We proposed a conservative weighted feature selection algorithm in Chapter 14, in which each feature in a cluster will be assigned a weight according to how relevant the feature is to the cluster. We presented a method estimating this relevance based on histogram analysis in Chapter 14. In this chapter, we propose two more weighted feature selection mechanisms. One is an aggressive (compared to the conservative one which we discussed in Chapter 14) histogram analysis, the other one is based on chi-square calculation. For the aggressive method, the idea is similar to the conservative method. If the feature value distribution is denser for a cluster, the feature is more important to, or representative of, the cluster and this feature will carry more weight for that cluster. Intuitively, the feature will carry more weight when its value is sparsely distributed as compared to uniformly distributed. For this, first, we calculate density for a feature in a particular cluster. Next, we compute weight based

on density in an aggressive manner.

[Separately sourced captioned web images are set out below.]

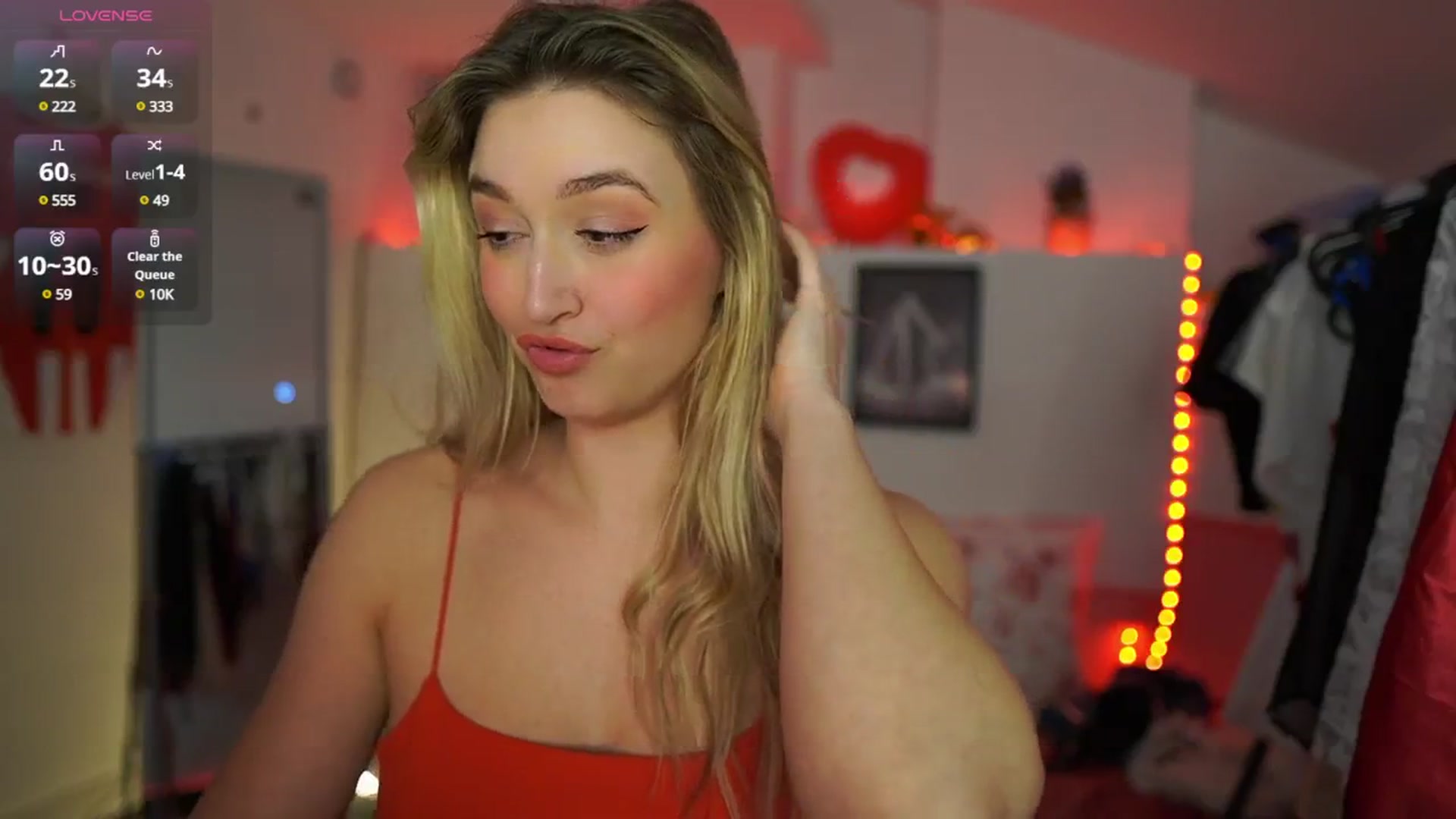 Gallery image thumbnail from Alexis__Texas's myfreecams stream on, 03/23/2025, 24:07 image 14 of 20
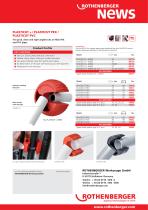RO PLASTICUT-2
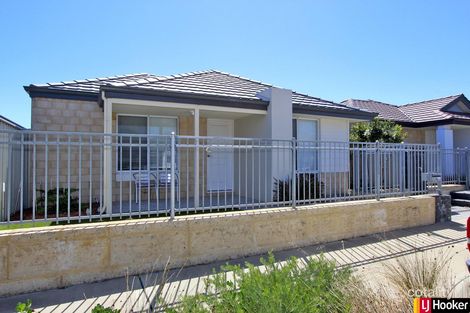 24 Kalli St, Golden Bay, WA 6174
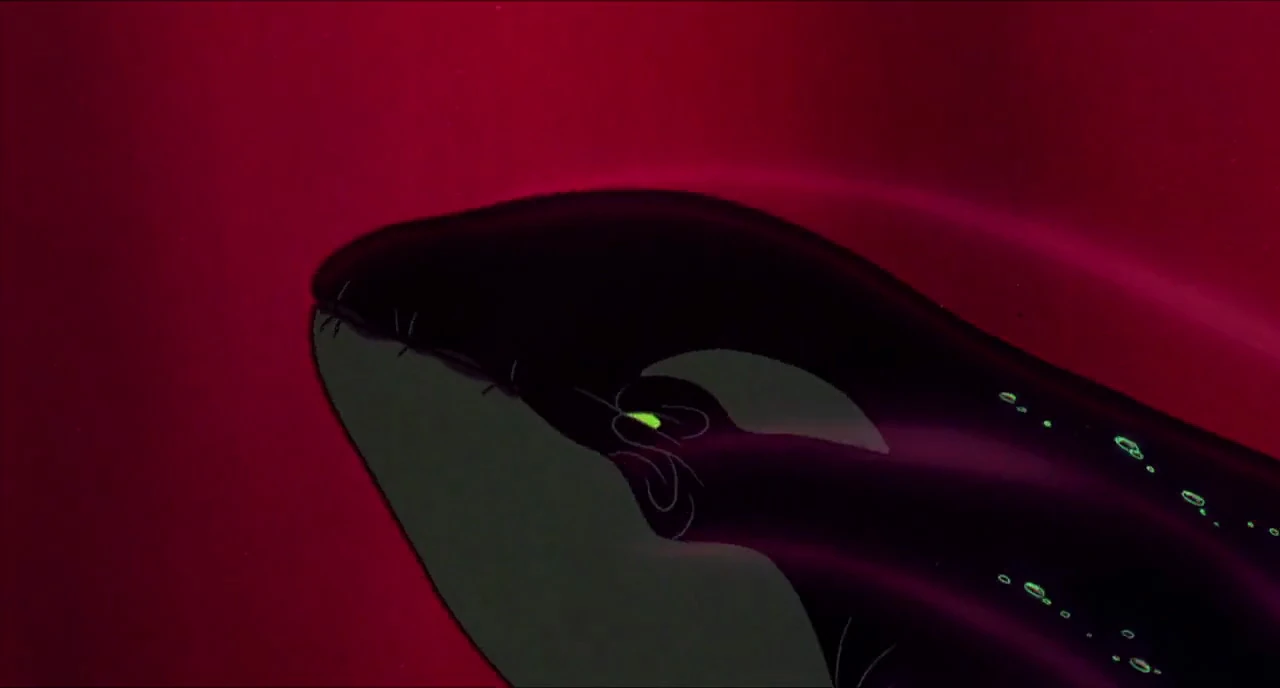 Image - Pebble-penguin-disneyscreencaps com-6796.jpg | Don Bluth Wiki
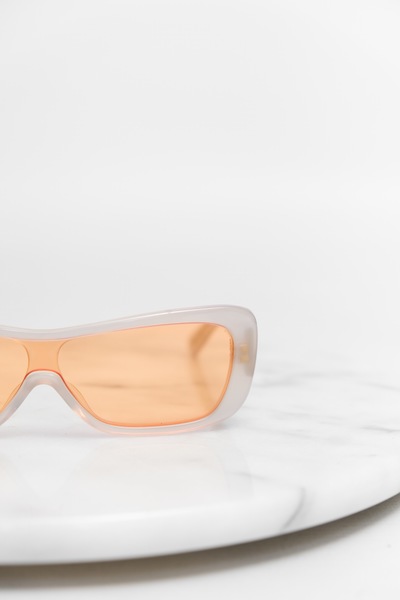 display_3ec1797e-c01a-4823-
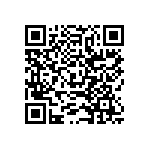 SIT8208AI-GF-33E-33-333000Y QRCode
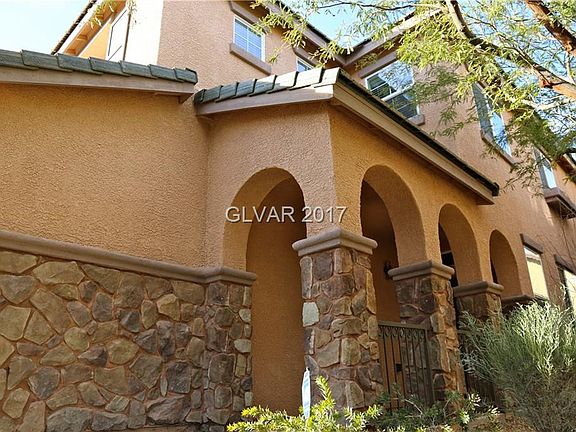 2nd image of 8644 Rowland Bluff Ave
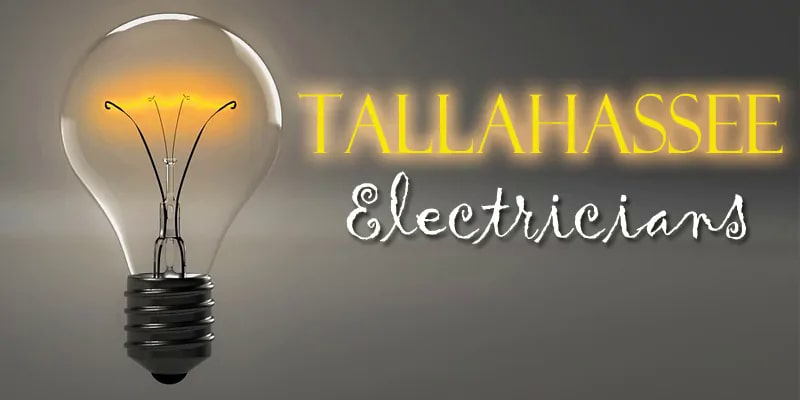 Best Electricians Tallahassee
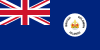 Flag of the Solomon Islands (1906–1947).svg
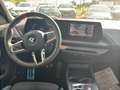 BMW 135 M xDrive Limousine ACC 360° HeadUp LH Ad.LED Wit - thumbnail 2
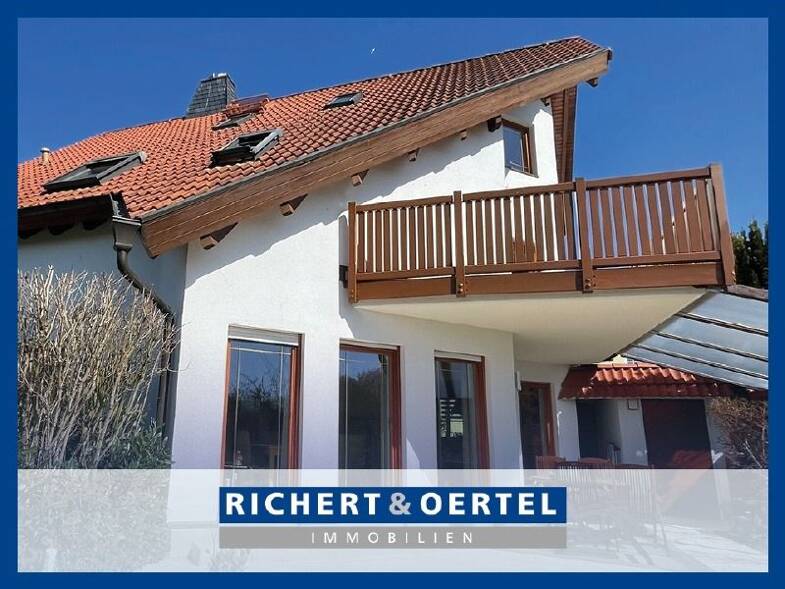 Haus zum Kauf 950.000 € 8 Zimmer 200 m² 990 m² Grundstück Gönnsdorf Dresden 01328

The conservative approach works gracefully; on the other hand, the aggressive approach takes into account the reciprocal of density, which makes density have more effect on weight. The concern of the chi-square method is the difference between the global feature distribution (GD), based on all training data points, and local feature distribution (LD), based on the data points in one specific cluster. If the GD and LD of a feature are very similar, it means the feature is not representative of the corresponding cluster. We will assign less weight to the feature. Now, the question is how we would like to quantify the difference between a feature LD and GD. The chi-square method is applied to measure this difference. We also studied linear discriminative analysis for feature weighting.